Small 2o (261 x 176 mm). 84 leaves, first text leaf misbound after fol.5. Foliated: 7 leaves preliminaries, 75 leaves text, 2 leaves index. 25 lines, text printed within single rule border. Four hand-colored double-page engraved maps and one hand-colored double-page engraved plate of the mariner's compass, heightened with gold. (One leaf with fore-margin renewed.) Contemporary Italian vellum, coat-of-arms of the Marini family blindstamped at the center of both covers, gilt-lettered morocco spine label. Provenance: Gaetano Marini (1740-1815), Italian antiquary and curator of the Vatican Library (binding; note in his hand mounted on pastedown providing bibliographical data and stating that the work includes a treatise on measuring geographical distance); acquired from Jake Zeitlin, 1972.

FIRST EDITION OF THE FIRST TURKISH ILLUSTRATED BOOK, printed in an edition of 1,000 copies, and the second book issued by the famous press of Müteferrika, the first Ottoman Turkish publisher. Kâtib Çelebi's work is a valuable historical survey of Ottoman sea-power both before the capture of Constantinople, and after the associated reorganisation of the fleet. Müteferrika worked from the manuscripts left by the Turkish polyhistorian Mustafa b. Abdullah, called Kâtib Çelebi, who began his cosmography in 1648, based on early Arab geographical writings. Bagrow, in his History of Cartography, apparently did not know of this edition since he discusses only a later work by Kâtib Çelebi with additions by Abu Kakr, printed by the same printer in 1732, called the Cihan-numa ('The Mirror of the World').

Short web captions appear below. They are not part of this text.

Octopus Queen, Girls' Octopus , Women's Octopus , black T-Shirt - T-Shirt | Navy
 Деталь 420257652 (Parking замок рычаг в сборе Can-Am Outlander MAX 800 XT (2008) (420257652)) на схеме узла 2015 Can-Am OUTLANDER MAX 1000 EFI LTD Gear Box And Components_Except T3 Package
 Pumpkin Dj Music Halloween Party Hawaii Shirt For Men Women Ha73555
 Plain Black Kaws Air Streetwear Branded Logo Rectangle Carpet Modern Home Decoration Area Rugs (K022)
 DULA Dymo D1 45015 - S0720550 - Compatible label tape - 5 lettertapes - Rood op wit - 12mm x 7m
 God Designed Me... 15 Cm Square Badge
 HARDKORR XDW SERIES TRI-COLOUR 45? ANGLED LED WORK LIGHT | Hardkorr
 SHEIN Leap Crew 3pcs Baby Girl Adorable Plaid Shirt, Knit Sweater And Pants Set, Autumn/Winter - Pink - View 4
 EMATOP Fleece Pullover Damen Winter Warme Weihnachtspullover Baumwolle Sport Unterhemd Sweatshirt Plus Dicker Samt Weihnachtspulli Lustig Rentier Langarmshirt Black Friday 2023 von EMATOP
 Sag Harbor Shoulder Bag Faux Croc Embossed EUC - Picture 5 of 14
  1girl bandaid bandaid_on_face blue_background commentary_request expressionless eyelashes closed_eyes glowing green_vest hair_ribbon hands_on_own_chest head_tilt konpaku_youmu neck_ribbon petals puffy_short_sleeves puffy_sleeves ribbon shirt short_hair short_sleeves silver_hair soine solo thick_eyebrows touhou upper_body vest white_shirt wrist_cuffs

The fine hand-colored maps are: a world map in two hemispheres after Mercator-Hondius; the Mediterranean and Black Seas; Greece and part of Asia Minor; and the Adriatic Sea. The last plate shows two marine compass-roses, one with the winds named in Turkish, the other in Arabic and Persian. Atabey 898; Babinger, p.12; Blackmer 1176; Toderini III, pp. 25-34 (defective copy); Watson 2 (defective copy). Fact and Fantasy 63.